Old Double Barrel Flintlock

Discussion in 'Curio & Relics Forum' started by wingspar, Apr 30, 2010.

  1. whirley

    whirley Member

    Jan 27, 2008
    I'd hang it on the wall and just enjoy the memories of my father fixing it up. However, if you want a double barreled flintlock shooter, I've seen several brand new ones at annual muzzle loader meets in Indiana. However if you just want to get cash for it, any good quaality auction house will be willing to handle it for a fee. I've seen several antique flintlock rifles made by recognized Pa. gunsmiths around 1790-1820 and most sold for around $1000
    However like anything else, if two people are determined to own an item, things can get pricey in a hurry.
  2. wingspar

    wingspar Member

    Sep 19, 2009
    To be honest, there is no, that is Zero sentimental value of this gun to me. I have no desire to keep it, and no desire to hang it on my wall. It will stay wrapped up in my closet till I find out what I might be worth. I live remotely, so going to an auction house isn’t an option.

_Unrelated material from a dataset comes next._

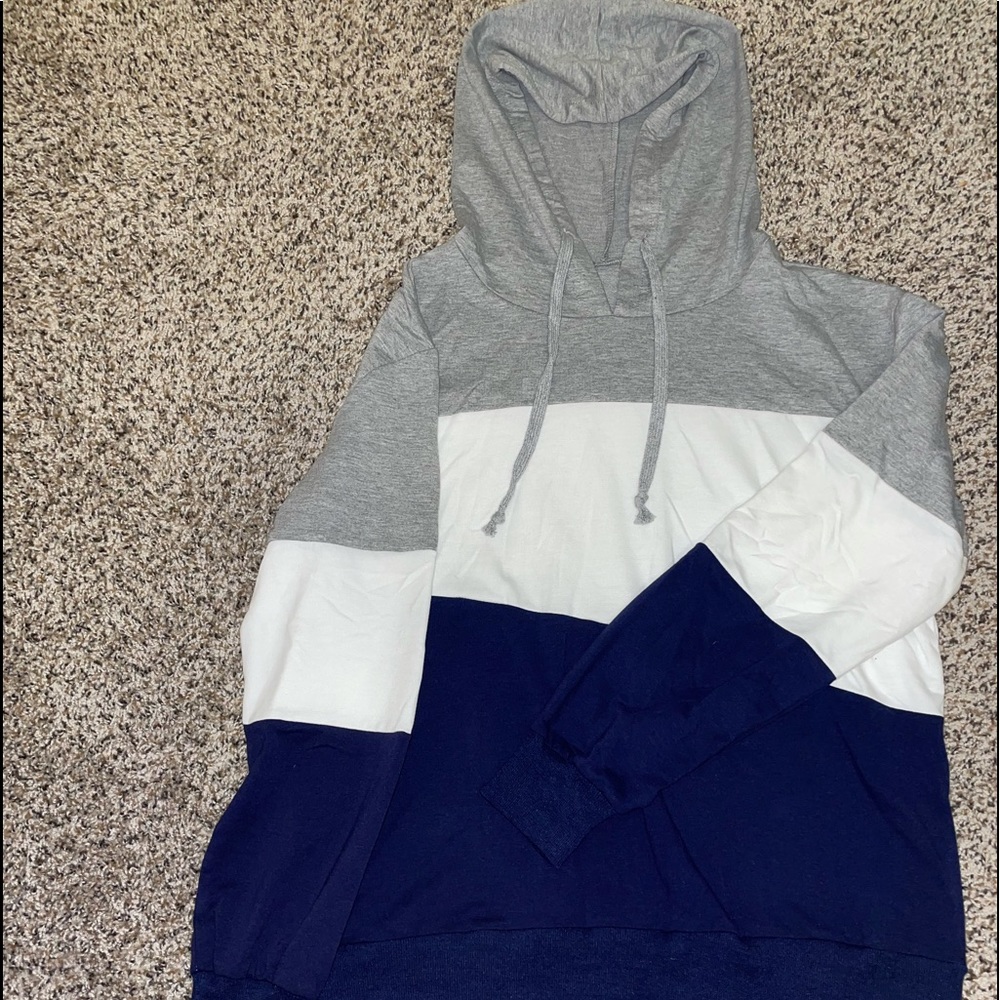 Blue, grey, and white hoodie from Amazon. Size L.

    I do have a couple of guns from my father that do have sentimental value, and I will never sell either one of them. They are both shooters. This flintlock isn’t one of them, and I would love to sell it, but, need to know the value before I try to sell it. It’s been in my closet since 1988. I’ve only taken it out to take the photos.

  3. johnlives4christ

    johnlives4christ Former Guest

    Apr 28, 2008
    wingspar, if you felt it in your heart to give me that shotgun i would have it brought back to firing condition and shoot are of clays with it. it would have sentimental value to me :)
  4. Jim K

    Jim K New Member

    Dec 6, 2009
    Hi, Big Shrek,

    I don't know what you do for a living, but if you can duplicate work like that, you can make a darned good living at it and have work for the rest of your life.

  5. Buffalochip

    Buffalochip Well-Known Member

    Oct 22, 2008
    The wood on this gun is repairable; missing pieces can be filled with old wood of similar grain and color and then carefully stained to match the original wood (NOT plastic wood). The idea is not to make the repairs invisible, but to make them blend in nicely without destroying the original patina of the wood. It would be a shame to try and replace the stock--it would ruin the gun in my opinion. I believe the value, it its present condition would be in the $800 range.
  6. wingspar

    wingspar Member

    Sep 19, 2009
    Thanks for the info. It’s obviously a very rare gun, and I was hoping it would be worth a lot more than $800, but maybe I’m expecting too much.

    I took it to a gun show about 19 years ago, and tried to find an appraiser. The only one I found was from out of state, wouldn’t give me the time of day, said to ship it to him, he would appraise for about $500, and ship back at my cost. Didn’t seem interested in me or my possible business at all. Obviously, I passed on that. Wish I lived near Pawn Stars.